(353d) Effect of Polyplex Charge on Cellular Internalization and Gene Expression

Introduction: The cellular internalization of nanoparticles is governed by multiple particle characteristics, primarily size and surface properties such as charge, chemistry, and hydrophobicity. These characteristics as well as pharmacokinetics, biodistribution, and cell membrane interactions have been studied in a host of nanoparticles but less extensively in polymeric gene delivery vectors. A particular interest is the interaction between a charged particle and the cell membrane and its effect on internalization. Polycations electrostatically bind to DNA to form polymer complexes (polyplexes) that can deliver genetic materials to the cellular nucleus. Furthermore, polyanions can be complexed with conventional polyplexes to produce ternary polyplexes of varying surface charge. This project uses pharmacological inhibitors of several endocytosis pathways (clathrin-dependent, caveolin-dependent, and macropinocytosis) to study the effects of polyplex charge on cellular internalization pathways and gene delivery efficiency. The dynamics of polyanion/polycation/DNA complexation is also studied to determine the particle compositions that produce the highest uptake and gene delivery.

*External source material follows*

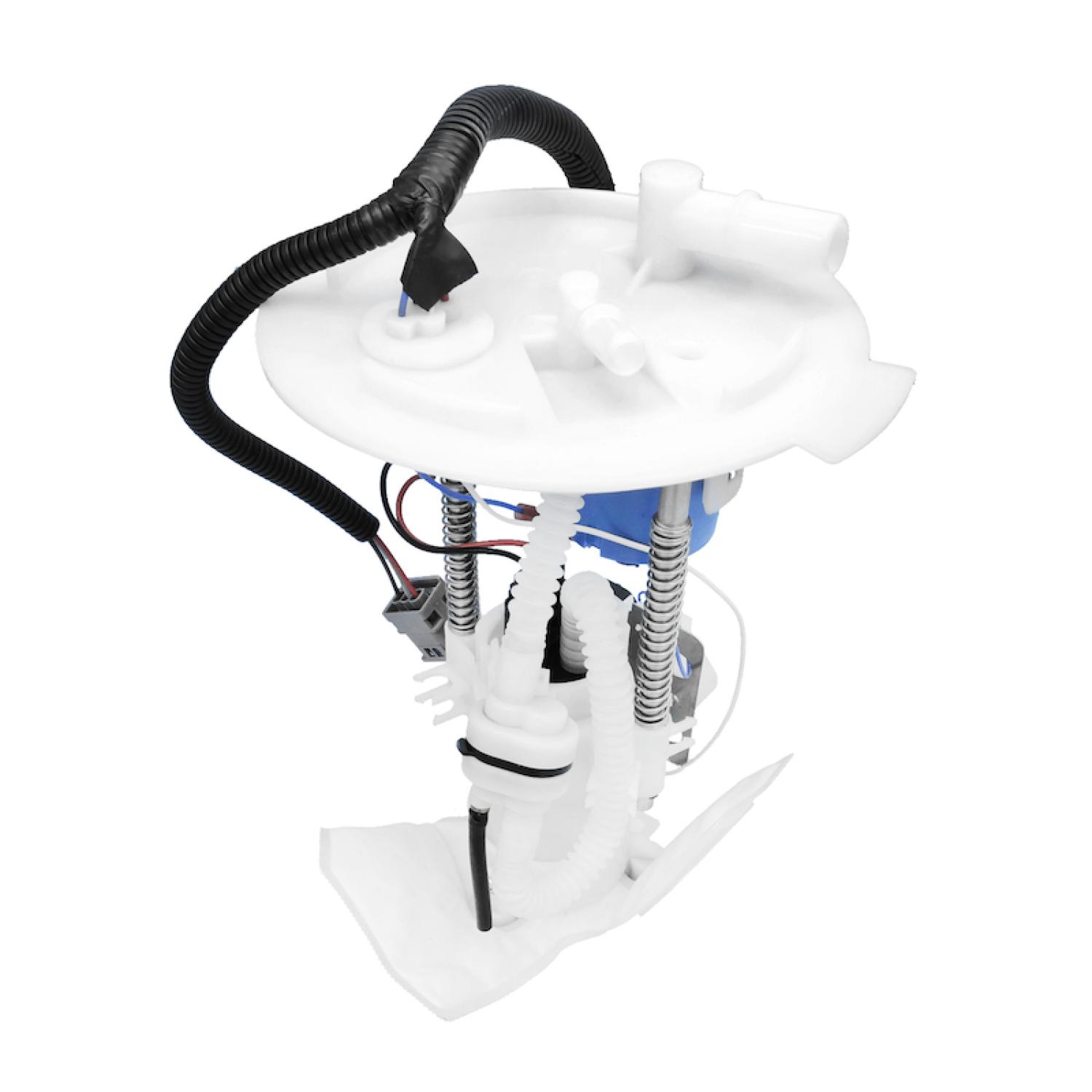 US Motor Works USEP2454M Fuel Pump Module Assembly product image 4 of 6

Methods: Ternary polyplexes were formed using 25-kDa branched polyethylenimine (PEI), 15-kDa poly(glutamic acid) (PGA), and the pGL3 luciferase reporter plasmid at various PGA:PEI:DNA weight ratios. Sizes and zeta potentials were determined using a Malvern zetasizer. Positively and negatively charged polyplexes were used to transfect cancer cells (HeLa and U-87) in vitro to assess the effect of charge on gene delivery. Small molecule inhibitors (genistein, methyl-β-cyclodextrin, chlorpromazine hydrochloride, amantadine hydrochloride, and amiloride) were used to inhibit clathrin-dependent, caveolin-dependent, or macropinocytosis endocytic pathways to observe the impact on gene delivery by positive and negative zeta potential polyplexes. Flow cytometry and florescence co-localization studies evaluate polyplex uptake efficiency and confirmed the internalization routes.

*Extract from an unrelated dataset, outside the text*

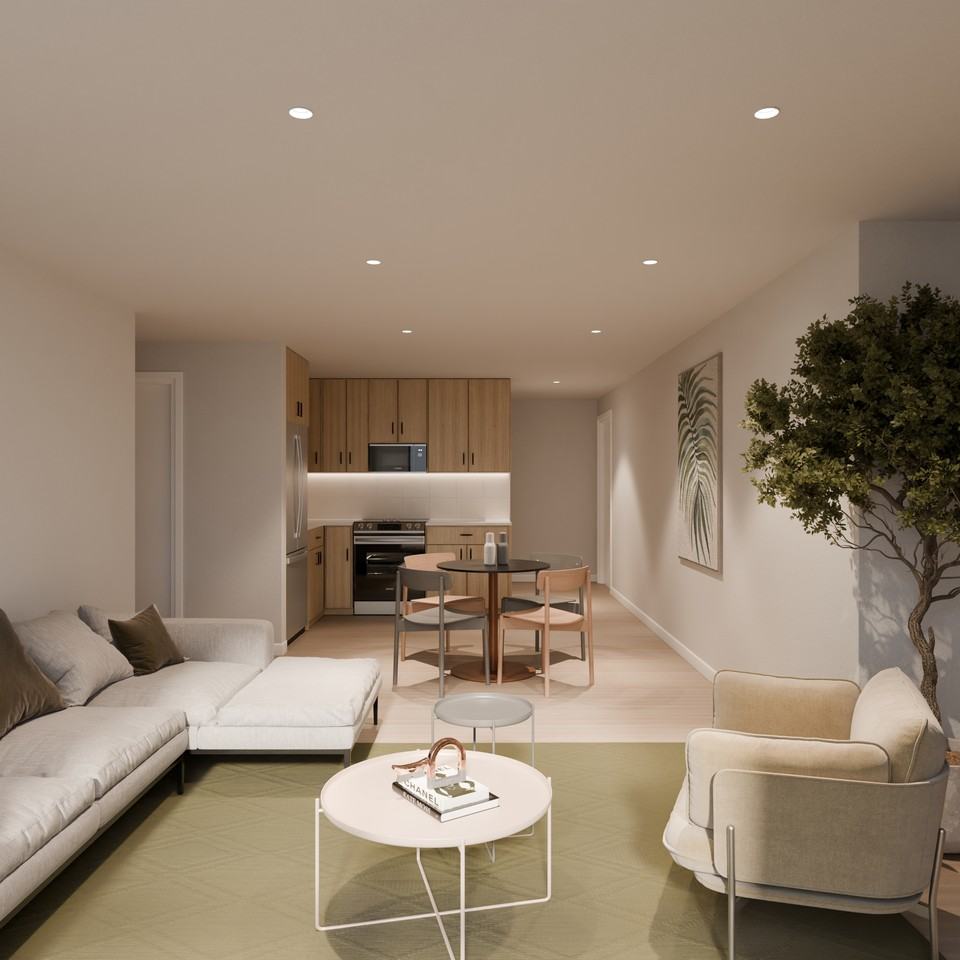 Canniff Mill Residences - Photo 7 of 25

Results: DLS was used to show that the addition of PGA to a binary polyplex consisting of PEI and pGL3 doubled the particle size to around 600 nm. Addition of PGA also decreased the zeta potential from +16 mV to a minimum of -35 mV. Transfections in the presence of serum showed that positive zeta potential polyplexes containing PGA produced higher transgene expression than negative zeta potential polyplexes. Binary polyplexes (no PGA) produced the lowest expression at all PEI:pGL3 weight ratios. The 1.5:3:1 PGA:PEI:pGL3 weight ratio produced the highest expression so this formulation was chosen to represent positively charged polyplexes (+11mV) and the weight ratio resulting in -11 mV was selected to represent negatively charged polyplexes. Transfections in the presence of endocytosis inhibitors showed that inhibition of caveolin-dependent endocytosis and macropinocytosis resulted in drastically decreased transfection efficiency with varying changes in polyplex uptake. Inhibition of clathrin-dependent endocytosis had little effect on or slightly increased transgene expression with mildly decreased uptake. Similar results were observed with negatively charged polyplexes with the exception that inhibition of clathrin-dependent endocytosis significantly decreased gene delivery efficiency.

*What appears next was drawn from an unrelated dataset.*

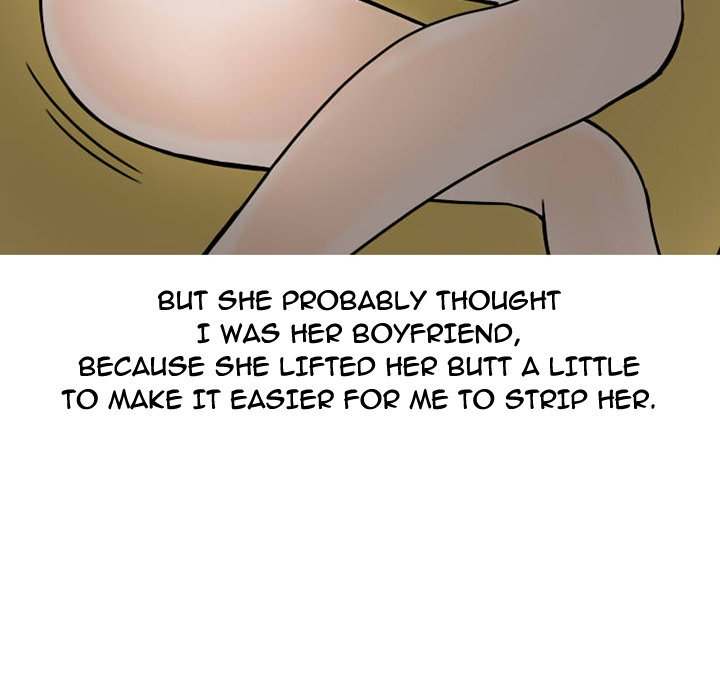 NEXT Gossip - Chapter 72 Page 30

Conclusion/Implications: The change from positive to negative zeta potential with increasing amounts of PGA indicates that the positive polyplexes are electrostatically binding PGA until surface saturation occurs and charge becomes minimized. Addition of PGA increased polyplex size but did not increase the size with increasing PGA content. Negative zeta potential particles exhibited decreased gene expression compared to positive particles presumably due to repulsion at the cell membrane. Positive particles were able to minimize serum agglomeration due to PGA charge shielding, and the optimum weight ratios for gene delivery provide sufficient PEI/DNA interaction to complex and protect the DNA, but also allow efficient polyplex dissociation within the cell. Inhibition of caveolin-dependent and macropinocytosis uptake suggests that these pathways are effective in uptake of negative and positive polyplexes. Inhibition of clathrin-mediated uptake suggests that polyplexes do enter through clathrin-dependent pathways but clathrin tends to affect positive polyplex delivery efficiency less than negative charged polyplexes.